Но в связи с начавшейся войной польские вооруженные силы почти в полном составе были задействованы против немцев. Поэтому для Красной Армии польская армия уже не представляла собой серьезного противника, и можно было смело начинать вторжение, не дожидаясь полного развертывания и сосредоточения всей группировки советских войск. Но Сталин тянул с выступлением — выгоднее было наблюдать за ходом боевых действий со стороны. Тем более что скрытая мобилизация действительно проходила медленно и не организованно. Однако главная причина промедления была иной: Сталин ни в коем случае не хотел в результате неосмотрительных действий оказаться вовлеченным в войну слишком рано. Поэтому он и выжидал подходящего предлога для вступления в Польшу.

В 16 часов 10 сентября Молотов пригласил к себе Шуленбурга и заявил, что Красная Армия застигнута врасплох быстрыми успехами вермахта в Польше и еще не готова к действиям. Советские военные власти рассчитывали на несколько недель подготовки и поэтому оказались в трудном положении. При этом Молотов сообщил Шуленбургу, что уже мобилизовано более трех миллионов человек. Коснувшись политической стороны дела, он отметил, что «советское правительство намеревалось воспользоваться дальнейшим продвижением германских войск и заявить, что Польша разваливается на куски и что вследствие этого Советский Союз должен прийти на помощь украинцам и белорусам, которым угрожает Германия. Этот предлог представит интервенцию Советского Союза благовидной в глазах масс и даст Советскому Союзу возможность не выглядеть агрессором» [213].

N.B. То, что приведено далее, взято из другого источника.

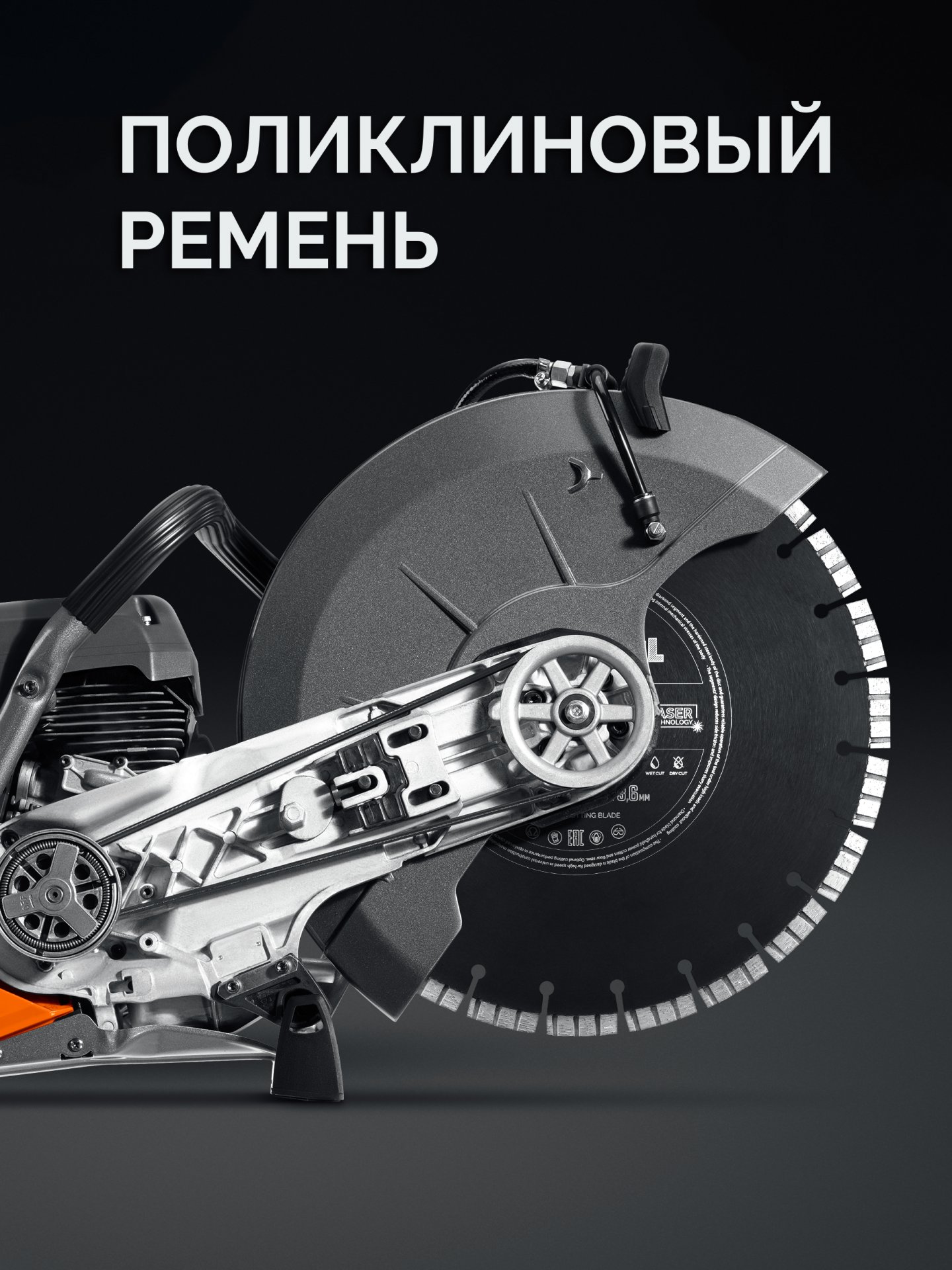 KRAFTOOL 4800 Вт, 400 мм, диск в комплекте, бензорез по бетону (бетонорез) (K970-16 H) — фото 6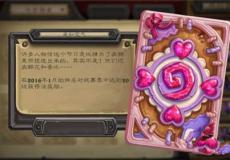 爐石傳說(shuō)卡背魔獸坐騎冬幕節(jié)好禮放送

А сроки перевода многих частей на штаты военного времени действительно не выдерживались. Приписной состав прибывал в части с опозданием и не в полном составе: среди учтенных приписников оказалось слишком много «мертвых душ». В ходе мобилизации выявилась слабая и несогласованная работа военкоматов. Во многих из них переучет военнообязанных не проводился с 1927 г. К тому же многие призывники не соответствовали заявленным военно-учетным специальностям (ВУС). В первую очередь это касалось наиболее квалифицированных специалистов. В неудовлетворительном состоянии оказался и учет лошадей, повозок, упряжки и автотранспорта. Многие недостатки в работе военкоматов объяснялись проведенными в 30-е годы арестами специалистов, объявленных «вредителями» и «врагами народа». При этом нарушилась преемственность в сложной и трудоемкой работе.